▸ What you will do
Your output consists solely of the lines from the one that contains "Schwarzer Tanzer for" to the end of the material, each reproduced exactly; pictures do not belong in it.

▸ Supplied material
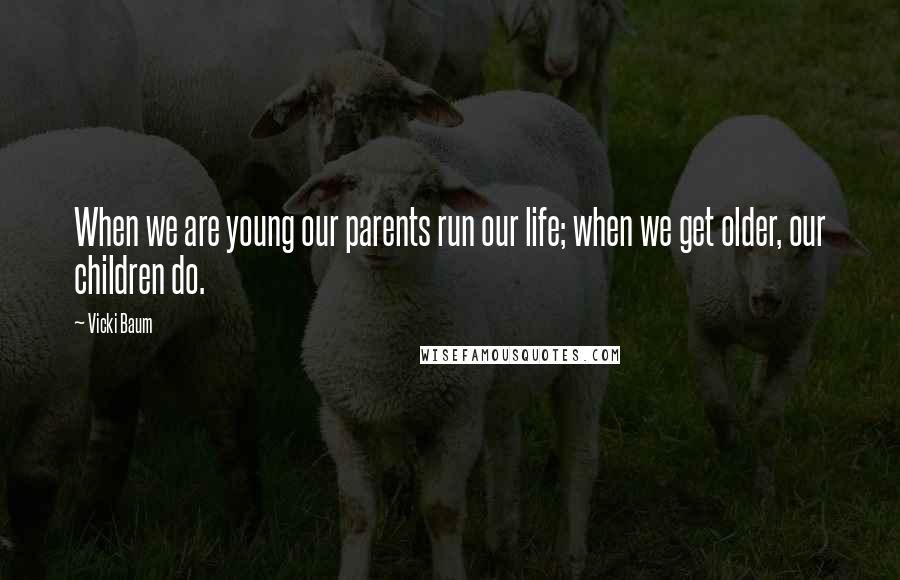 Vicki Baum Quotes: When we are young our parents run our life; when we get older, our children do.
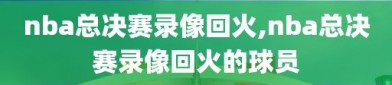 nba总决赛录像回火,nba总决赛录像回火的球员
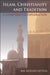 Islam, Christianity and Tradition: A Comparative Exploration by Ian Richard Netton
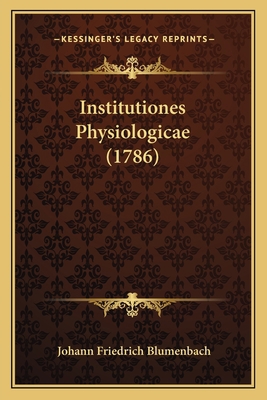 Institutiones Physiologicae (1786) [Latin] 1166207072 Book Cover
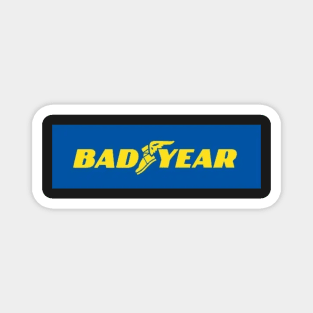 Bad year logo, funny memes Magnet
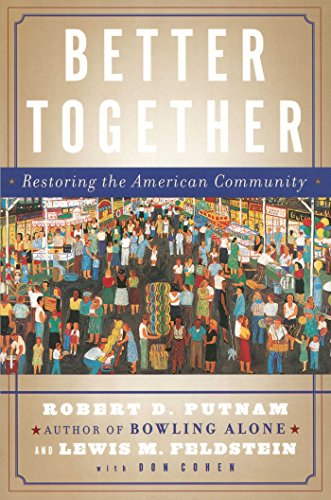 Better Together: Restoring the American Community von Simon & Schuster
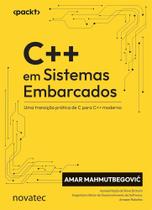 C++ em Sistemas Embarcados: Uma transição prática de C para C++ moderno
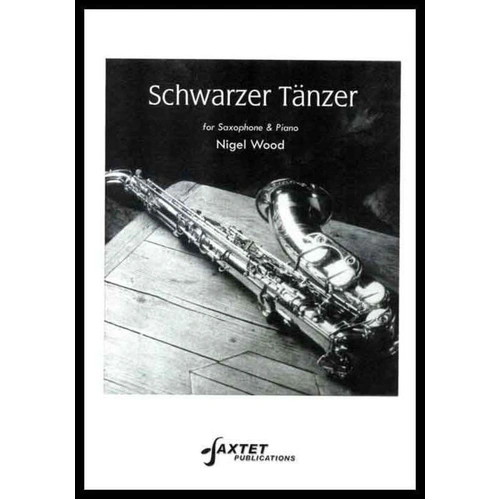Schwarzer Tanzer for Alto or Tenor Saxophone/Piano by Nigel Wood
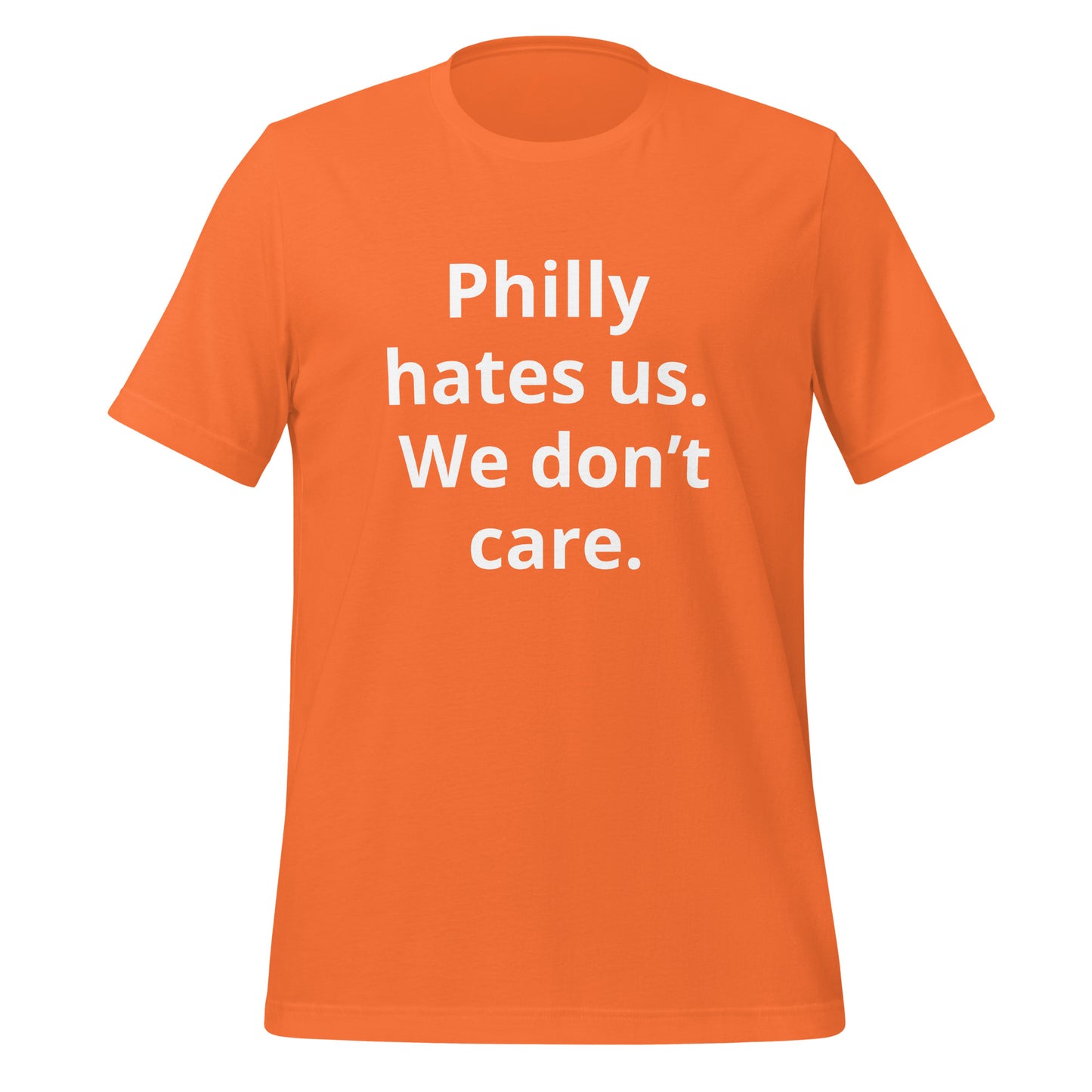 Philly hates us. We don't care T-Shirt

▸ Output below
Schwarzer Tanzer for Alto or Tenor Saxophone/Piano by Nigel Wood
 Philly hates us. We don't care T-Shirt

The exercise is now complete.